Why Confidential IPOs Are Gaining Popularity.?
"Unlike traditional IPOs, where the DRHP is made public upon filing, the confidential route allows companies to submit documents privately to SEBI, with public disclosure occurring only after regulatory review," said Gaurav Garg, Lemonn Markets Desk.
"This approach, inspired by the U.S. model, is gaining traction among Indian startups seeking to go public amidst funding volatility. It shields sensitive business information from competitors, reduces reputational risk in case of delays or withdrawals, and gives companies more time to address regulatory feedback and time the market optimally."
Are Confidential IPOs a safe bet for retail investors?
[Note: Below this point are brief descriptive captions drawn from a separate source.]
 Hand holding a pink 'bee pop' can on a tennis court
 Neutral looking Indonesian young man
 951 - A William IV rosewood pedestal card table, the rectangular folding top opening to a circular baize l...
According to Garg, confidential IPOs also compress the timeline for investor scrutiny-especially retail investors—who get less visibility and a shorter window to evaluate the offer. While the DRHP still adheres to disclosure norms, there's no early buzz or extended pricing sentiment to assess."
A confidential IPO doesn't imply lower quality. SEBI's early involvement can lead to a more refined prospectus. For seasoned investors, this route could offer cleaner opportunities with fewer market distractions. For everyday investors, it calls for greater alertness and faster decision-making, the expert's note added.
"Ultimately, the rise of confidential IPOs signals a maturing Indian capital market-where companies go quiet first to make a stronger, more strategic public debut later," Garg added.
Difference Between Confidential IPO Filing vs Public IPO Filing:
Source: Alice Blue Report
Expect More Digital IPOs Ahead!
First, investors in India—both retail and institutional—now better understand digital businesses. Metrics like customer acquisition cost (CAC), lifetime value (LTV), and retention rates are no longer unfamiliar. These are now part of regular investment evaluations.
Second, regulators have adapted. SEBI's changes—including allowing high-growth, loss-making firms to list—have opened doors for more digital IPOs. The market focus is shifting from short-term profits to long-term value, as per Bay Capital's Latest white paper.
As per the whitepaper, nearly 40 of them—operating in consumer internet and tech-led models—are now listed on Indian stock exchanges. Together, they represent about Rs 8 lakh crore (~$90 billion) in market value. It added, as more businesses reach profitability and scale, the overall value of India's digital sector is expected to rise steadily.